--- Input ---
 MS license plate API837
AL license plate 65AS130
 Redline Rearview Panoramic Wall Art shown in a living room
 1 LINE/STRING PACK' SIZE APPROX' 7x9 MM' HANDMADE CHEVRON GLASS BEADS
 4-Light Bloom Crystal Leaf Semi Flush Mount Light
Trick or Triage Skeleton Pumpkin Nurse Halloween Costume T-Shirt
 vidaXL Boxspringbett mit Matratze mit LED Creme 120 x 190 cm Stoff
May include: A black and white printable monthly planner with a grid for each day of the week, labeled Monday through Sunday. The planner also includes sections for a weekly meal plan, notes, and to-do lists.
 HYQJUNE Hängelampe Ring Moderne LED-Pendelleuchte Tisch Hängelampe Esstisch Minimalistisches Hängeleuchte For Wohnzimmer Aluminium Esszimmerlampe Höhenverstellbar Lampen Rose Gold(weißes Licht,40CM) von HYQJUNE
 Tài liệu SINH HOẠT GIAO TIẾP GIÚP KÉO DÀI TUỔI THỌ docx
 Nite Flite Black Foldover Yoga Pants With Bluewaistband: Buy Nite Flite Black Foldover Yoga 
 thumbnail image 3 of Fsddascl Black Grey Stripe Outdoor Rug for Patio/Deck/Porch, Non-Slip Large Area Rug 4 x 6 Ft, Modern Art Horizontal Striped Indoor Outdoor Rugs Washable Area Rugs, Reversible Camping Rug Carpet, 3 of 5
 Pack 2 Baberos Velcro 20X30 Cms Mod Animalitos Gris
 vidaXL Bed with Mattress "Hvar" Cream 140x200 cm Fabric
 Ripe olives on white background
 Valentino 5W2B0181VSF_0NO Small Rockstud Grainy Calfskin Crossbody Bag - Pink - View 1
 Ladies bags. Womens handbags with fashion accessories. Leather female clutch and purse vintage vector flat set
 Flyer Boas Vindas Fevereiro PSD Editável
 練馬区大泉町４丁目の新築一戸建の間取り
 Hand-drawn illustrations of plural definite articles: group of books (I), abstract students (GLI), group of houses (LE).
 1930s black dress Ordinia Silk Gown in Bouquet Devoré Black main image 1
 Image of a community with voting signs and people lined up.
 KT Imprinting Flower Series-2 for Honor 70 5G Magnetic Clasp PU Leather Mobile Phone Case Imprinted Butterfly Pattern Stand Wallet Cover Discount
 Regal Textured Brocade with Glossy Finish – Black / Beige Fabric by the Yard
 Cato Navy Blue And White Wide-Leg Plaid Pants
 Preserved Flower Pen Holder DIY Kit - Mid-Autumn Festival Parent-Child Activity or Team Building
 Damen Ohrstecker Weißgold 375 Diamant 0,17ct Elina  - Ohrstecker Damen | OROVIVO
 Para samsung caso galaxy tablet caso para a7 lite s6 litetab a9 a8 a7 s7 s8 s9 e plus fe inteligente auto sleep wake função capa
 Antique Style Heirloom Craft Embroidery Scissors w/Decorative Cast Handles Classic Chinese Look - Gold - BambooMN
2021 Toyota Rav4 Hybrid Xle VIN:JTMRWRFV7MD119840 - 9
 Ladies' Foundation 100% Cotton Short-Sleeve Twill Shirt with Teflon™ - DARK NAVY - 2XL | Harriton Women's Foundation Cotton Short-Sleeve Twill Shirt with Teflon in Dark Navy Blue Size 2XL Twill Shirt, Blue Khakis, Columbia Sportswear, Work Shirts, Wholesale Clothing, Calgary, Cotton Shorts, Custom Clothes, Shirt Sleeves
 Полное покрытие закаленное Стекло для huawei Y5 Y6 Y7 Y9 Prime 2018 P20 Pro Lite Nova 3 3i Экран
---
## Work request
Above are some lines. Repeat exactly, and only, those from the line that has "vidaXL Boxspringbett mit" through the line that has "HYQJUNE Hängelampe Ring".

## Expected answer
 vidaXL Boxspringbett mit Matratze mit LED Creme 120 x 190 cm Stoff
May include: A black and white printable monthly planner with a grid for each day of the week, labeled Monday through Sunday. The planner also includes sections for a weekly meal plan, notes, and to-do lists.
 HYQJUNE Hängelampe Ring Moderne LED-Pendelleuchte Tisch Hängelampe Esstisch Minimalistisches Hängeleuchte For Wohnzimmer Aluminium Esszimmerlampe Höhenverstellbar Lampen Rose Gold(weißes Licht,40CM) von HYQJUNE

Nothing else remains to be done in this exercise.